When she goes on a mission, she will go through the temple which means she will be wearing garments. I know people should not get married if they can't accept each other as they are. We had a long distant relationship for 3 years. That my heavenly father hates my decision to marry my husband. The thing is, even though no one else trusted my decision, I prayed about it daily for our entire relationship. If she is motivated enough to want to go on a mission, she will likely not settle for having a second class "eternal companion" you who is a convert or one who cannot be sealed to her for eternity. I intend to spend some quality time in the temple, with my bishop, and with close family and friends as I think and pray my way through this decision, but I would also value your insights into this. Somewhere down the road, you will find another girl who will be a much better match for you. I agree, girls, it can be a challenge to find time together. I wish you all well on your recovery from this particularly vile church.
As a budding feminist, I left the church in my teens. I see a future with him but I'm not sure whether I can handle it. Great payback for my support during residency and multiple moves. He is living with the health effects from working upwards of hrs a week. Patriarchal leadership is something that most women in the world valued until recently, but it is still a chief value with Mormons. If so, you have a chance. After reading all these comments I now know that life will be even harder when he will be in residency My boyfriend and I are getting engaged next month. I feel I am not appreciated and valued as a wife. But I also know that He loves us so much that He would never take away our ability to choose for ourselves. I am struggling with keeping our worlds overlapping.
I had no idea how hard it could get. I think nothing really prepared either of us for fellowship though. However, you might be lucky to not have the experience I did.

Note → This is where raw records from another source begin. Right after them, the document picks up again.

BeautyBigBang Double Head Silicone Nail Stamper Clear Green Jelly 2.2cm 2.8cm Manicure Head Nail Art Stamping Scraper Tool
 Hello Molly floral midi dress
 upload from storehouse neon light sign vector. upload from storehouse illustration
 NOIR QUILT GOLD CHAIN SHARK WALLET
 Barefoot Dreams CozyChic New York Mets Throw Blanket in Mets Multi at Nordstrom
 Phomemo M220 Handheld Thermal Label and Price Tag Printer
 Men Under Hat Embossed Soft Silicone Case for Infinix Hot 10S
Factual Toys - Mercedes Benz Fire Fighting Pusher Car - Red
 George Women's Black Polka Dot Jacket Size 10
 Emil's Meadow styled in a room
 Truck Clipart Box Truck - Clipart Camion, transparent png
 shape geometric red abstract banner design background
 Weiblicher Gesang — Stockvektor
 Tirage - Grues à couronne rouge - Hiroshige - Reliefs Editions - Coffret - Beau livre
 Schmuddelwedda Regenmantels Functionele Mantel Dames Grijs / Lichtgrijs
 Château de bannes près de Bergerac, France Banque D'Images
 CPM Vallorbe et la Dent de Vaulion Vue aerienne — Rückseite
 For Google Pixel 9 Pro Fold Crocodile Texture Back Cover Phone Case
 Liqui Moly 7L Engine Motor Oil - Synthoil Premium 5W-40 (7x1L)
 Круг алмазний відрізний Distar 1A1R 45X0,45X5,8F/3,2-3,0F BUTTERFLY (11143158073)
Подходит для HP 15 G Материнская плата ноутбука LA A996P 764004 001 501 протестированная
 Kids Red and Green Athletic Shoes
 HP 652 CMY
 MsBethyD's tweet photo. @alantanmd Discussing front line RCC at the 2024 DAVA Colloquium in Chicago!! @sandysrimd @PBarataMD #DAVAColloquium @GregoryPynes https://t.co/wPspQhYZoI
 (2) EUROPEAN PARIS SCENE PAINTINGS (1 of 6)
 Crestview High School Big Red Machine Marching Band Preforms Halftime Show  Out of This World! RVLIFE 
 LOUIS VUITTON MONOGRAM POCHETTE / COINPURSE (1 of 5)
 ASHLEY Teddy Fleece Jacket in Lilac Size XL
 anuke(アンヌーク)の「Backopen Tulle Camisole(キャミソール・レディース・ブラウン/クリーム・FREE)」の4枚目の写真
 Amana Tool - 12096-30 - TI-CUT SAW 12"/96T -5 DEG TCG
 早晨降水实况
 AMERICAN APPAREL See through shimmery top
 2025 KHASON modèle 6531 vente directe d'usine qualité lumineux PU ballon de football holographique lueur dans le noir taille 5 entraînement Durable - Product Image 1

And sometimes I think we equate easiness with happiness. They even refrain from tea and coffee. It seems like a minor point, but I have noticed that every Mormon girl who disobeys the Mormon direction to avoid coffee has something majorly wrong with her. There are plenty of marriages between Mormons and non-Mormons. As an atheist with Buddhist undertones who married a non-practicing, god-believing Mormon at the height of his questioning, I find this so interesting to me. There is rarely minute that goes by where I am not thinking about him in some way. The church can be a very cruel place for single people.
These exclusions, dictated by doctrine, hold the potential to create wedges between you, both immediately, and in the long term. I do nearly all of the parenting fortunately we only have one child -- we both agree that this lifestyle is too demanding for more and find that my husband's crazy hours and the energy drain of the job make me yearn to connect with other wives that relate.
Sexually, risque and the such is essentially the same as baptists and fundamental Christians.